━━━━━ The data

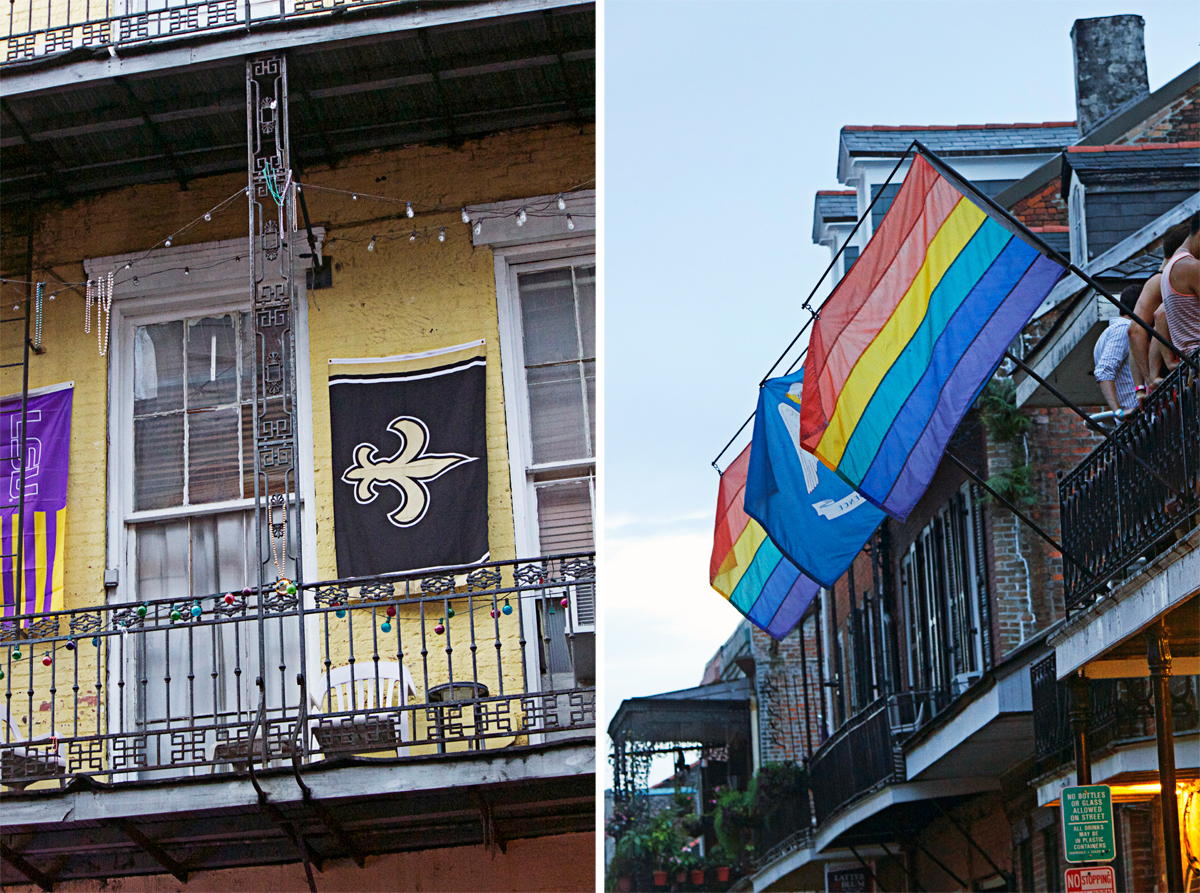 Bourbon Street rainbow flags -photo by Quiet Lion Creations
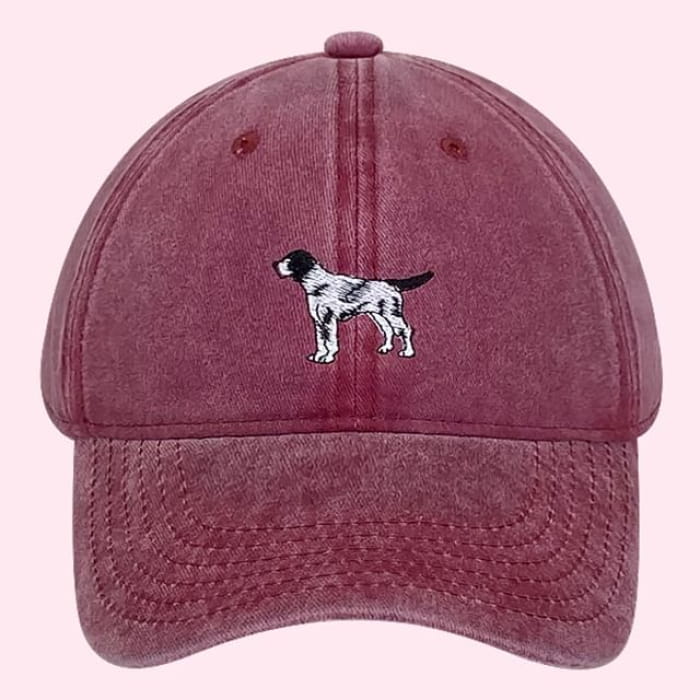 Dog Embroidered Washed Baseball Cap - Hats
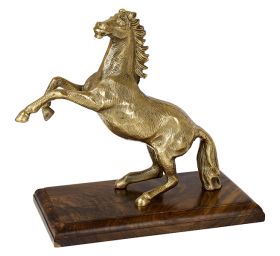 פסל אומנותי סוס אלומיניום בגימור זהב על בסיס עץ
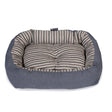 Gray and beige striped pet bed with plush cushioned interior and sturdy woven ticking stripes fabric from danish design rustic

━━━━━━━━━━

Task brief: Please retype the listing above word for word, skipping each picture.

Answer to the problem:
 Bourbon Street rainbow flags -photo by Quiet Lion Creations
 Dog Embroidered Washed Baseball Cap - Hats
 פסל אומנותי סוס אלומיניום בגימור זהב על בסיס עץ
 Gray and beige striped pet bed with plush cushioned interior and sturdy woven ticking stripes fabric from danish design rustic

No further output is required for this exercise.